"Der Bevölkerungsrückgang wirkt sich auch materiell aus: Es sind weniger Leute auf der Straße, manche Häuser stehen leer. Einige allerdings sind auch wunderschön renoviert - mit dem Geld aus Rücküberweisungen."
"Es ist vor allem der emotionale Verlust und, ja, die Stimmung, die schlechte Stimmung im Land."
In groben wirtschaftlichen Zahlen dagegen verschwindet das Problem eher. Die Arbeitslosenrate etwa sinkt erst einmal, wenn alle, die keine Arbeit finden, außer Landes gehen. Vieles, das pro Kopf gezählt wird, rückt die Auswanderungsländer zunächst in ein täuschend helles Licht - die Zahl der Studienplätze zum Beispiel oder die der medizinischen Geräte. Die Probleme werden erst etwas später sichtbar, erläutert der Osteuropa-Experte Vedran Džihić:
"Das beginnt mit der Infrastruktur und banalen Fragen, wie, ob man noch in einer Kreisstadt ein Spital braucht oder nicht. Ob man noch auf den Universitäten so und so viele Ausbildungsplätze oder weniger braucht. Es hat auch handfeste Folgen für das Rentensystem. Wie finanziert man denn dieses, wenn die Arbeitskraft ganz einfach nicht da ist? Und wie kann man auch den sozialen Frieden aufrechterhalten."
"Für die meisten südosteuropäischen Staaten kann man dann auch weitergehen und sagen, dass das Bruttosozialprodukt nicht einmal das Ausgangsniveau des Jahres 1989 erreicht hat."
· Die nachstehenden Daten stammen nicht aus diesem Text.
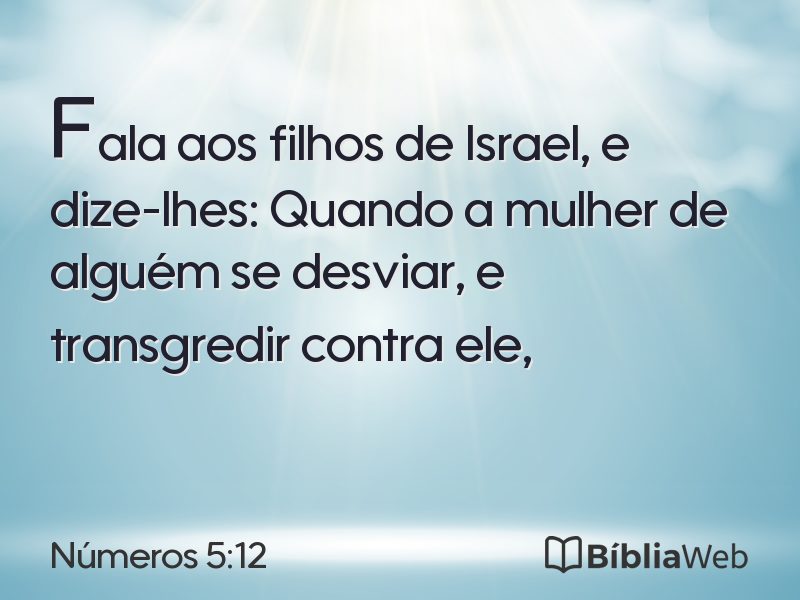 Números 5:12 em imagem para compartilhar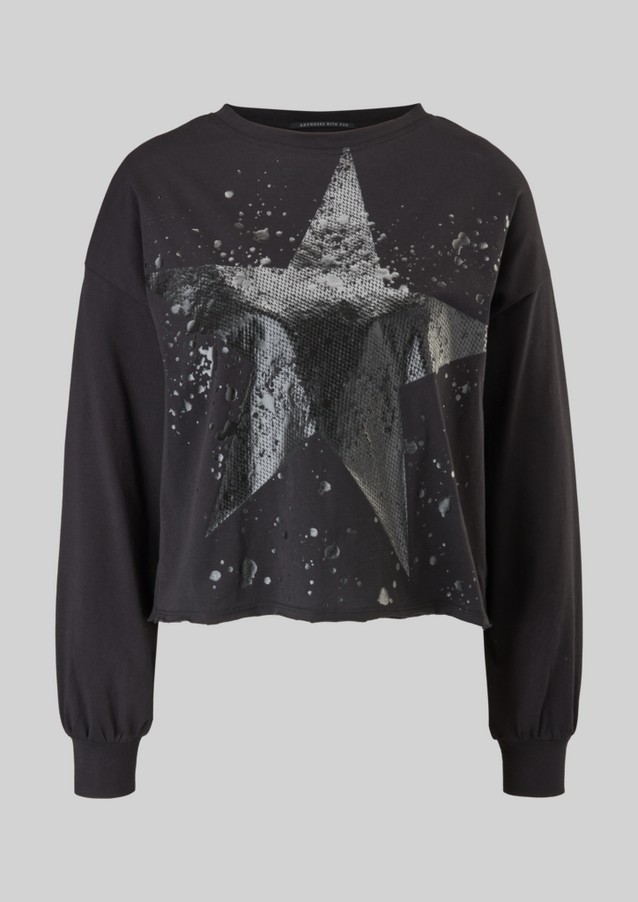Damen Shirts & Tops | Sweatshirt mit Frontprint - FO44599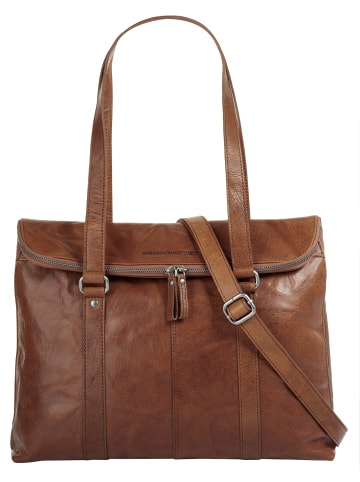 SPIKES & SPARROW Shopper in cognac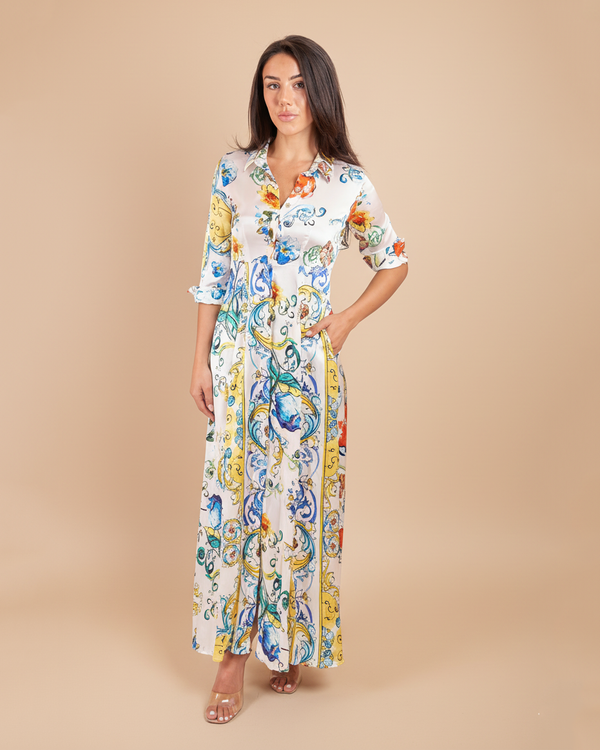 Shirt Dress Silk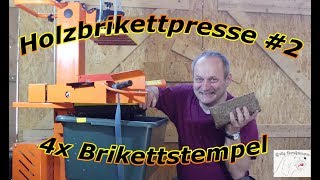 4x Brikettpresse für 11 t Presse Teil 2 [upl. by Joachim]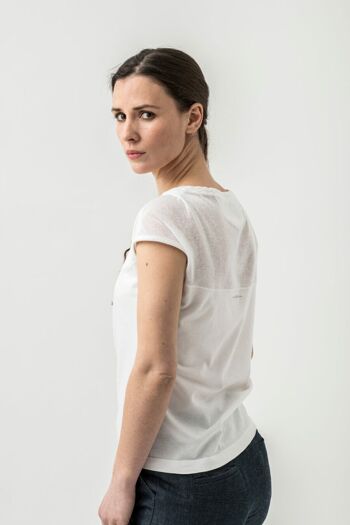 T-shirt Ophelia Blanc 2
"Die Statistiken zeigen, dass es eine enorme Emigrationsbereitschaft gibt. Wenn man heute die Menschen in Bosnien fragt, also junge Menschen bis 35, würdet ihr das Land morgen verlassen, wenn ihr die Gelegenheit hättet?, dann sagen 60, 70 Prozent der Leute: Ja, wir würden das morgen unmittelbar und sofort tun."
Und da, wo die Zeichen eigentlich auf Aufschwung und Entwicklung stehen, werden sinkende Bevölkerungszahlen zu einem Risiko - in Rumänien etwa. Der Migrationsforscher Remus Anghel:
"Was passiert im Moment in Rumänien? Es ist eine große Ungleichheit zwischen bestimmten Städten und Gebieten und den anderen, zwischen Dörfern und Städten. Und diese Ungleichheit spielt eine wichtige Rolle in der Art und Weise, wie die Migration passiert."
"Es war eine Forschung hier an der Universität über die junge Generation auf dem Arbeitsmarkt. Die Jungen wollen nicht mehr in die Fabriken reingehen. Es gibt einen Mangel an Arbeitern, die wandern fast alle aus."
Rumänien hat mit Arbeitsemigration eine lange Geschichte. Nach 2002, als das Land zu EU-Beitrittsverhandlungen eingeladen wurde, wanderten zwei Millionen Menschen aus, meistens nach Italien und Spanien.
"Aber am Anfang diese Migration war temporär. Das heißt, die Leute haben immer das Gefühl gehabt: Okay, wir arbeiten hier, schicken das Geld nach Hause, und dann kehren wir irgendwann zurück nach Hause."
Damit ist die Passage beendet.